O comando da Campanha era partilhado por representantes de várias instâncias da administração, envolvendo as secretarias de Serviços Sociais, Viação e Obras, Agricultura, Educação e Cultura, a Companhia de Planejamento do Distrito Federal e a Sociedade de Habitação de Interesse Social - SHIS. No ponto mais alto da CEI, como era previsível, encontrava-se a figura da primeira dama, acompanhada por uma centena de distintas senhoras responsáveis por ‘sensibilizar' a opinião pública e arrecadar colaborações para auxiliar as famílias removidas, a atitude nobre e filantrópica reforçava o sentido positivo da empreitada, embalada pelo jingle ‘A cidade é uma só', o slogan da campanha. [...]"

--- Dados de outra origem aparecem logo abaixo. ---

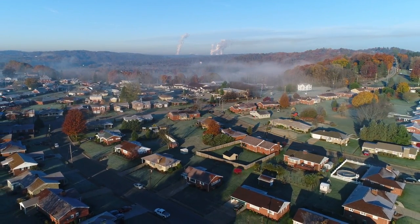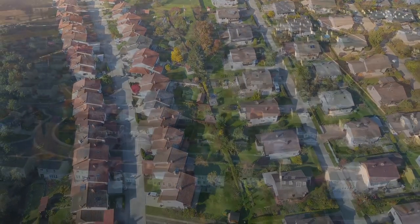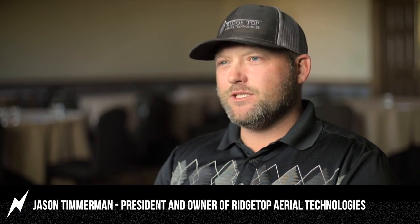I'm Jason Timmerman, president and owner at Ridgetop Aerial Technologies. We utilize satellite and aerial imagery to produce property diagrams for the insurance and construction industries. Basically what we do is try to increase the efficiency for insurance adjusters. We do have a lot of contractors that utilize our service as well, but my background was eight years as an independent adjuster before I branched off and started this company. My main goal is to make the job and life of an insurance adjuster easier, cycle times faster, so those individuals can get more claims and make more money.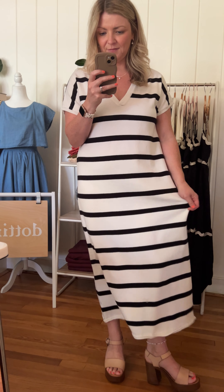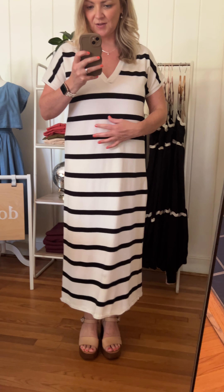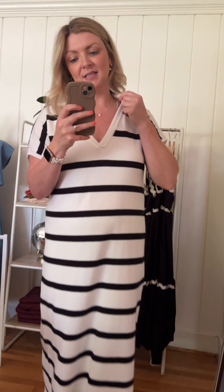It does have a bit of stretch to it and it's a very relaxed fit, as you can see. I'm in the small. It's supposed to have a super relaxed fit — it's not supposed to be a fitted dress at all. It has this little collar here that's super cute and it is a maxi length.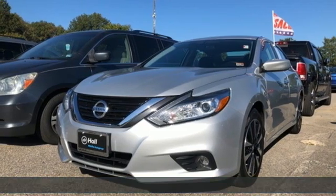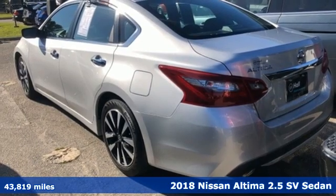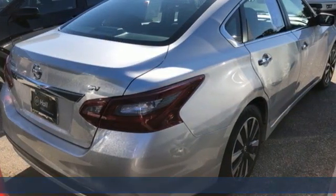Here's a 2018 Nissan Altima. Nissan excites the senses so you can enjoy the journey and get ready for an impressive combination of features.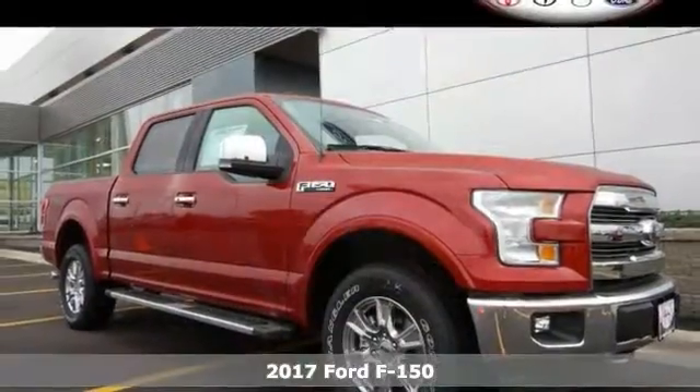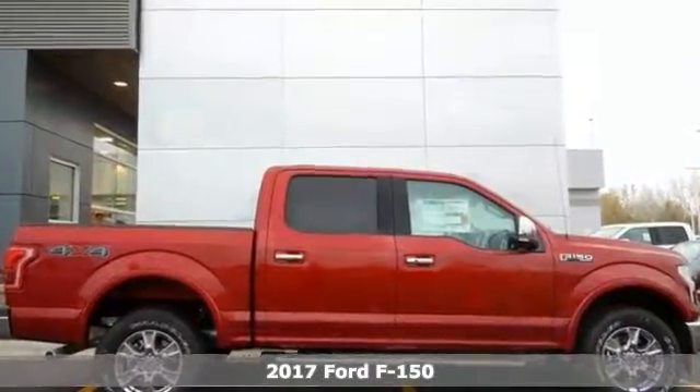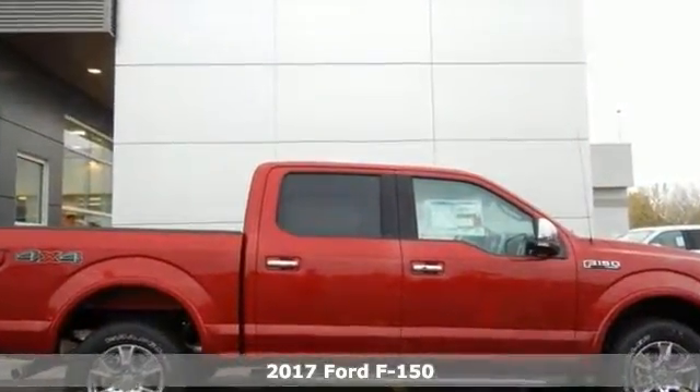This 2017 Ford F-150 has brake assist, electronic stability control, front anti-roll bar, traction control, and a rear step bumper.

"Em 1971, havia 17.619 lotes demarcados, numa área de 20km², para a realocação das famílias. À época, a infraestrutura urbana implementada não correspondia às necessidades reais das famílias. Quando os moradores começaram a ser assentados, ainda não estavam prontos nem o hospital, nem as escolas, nem as redes de água e esgoto. Esta última data somente de 1983. O depoimento de um dos pioneiros de Ceilândia testemunha a precariedade da cidade: ‘[...] a água para beber tinha que ser guardada uns 8 dias, pois o caminhão pipa só vinha de 8 em 8 dias'."
PEIXOTO, Elane Ribeiro et al. O rap de Ceilândia. In: ENCONTRO NACIONAL DA ANPUR. 17., 2017, São Paulo. Anais eletrônicos... São Paulo: ANPUR; FAU-USP; IAU-USP; IE-Unicamp; POSPGT-UFABC, 2017, grifo das autoras. Disponível em: <anpur.org.br>. Acesso em: 5 jun. 2017.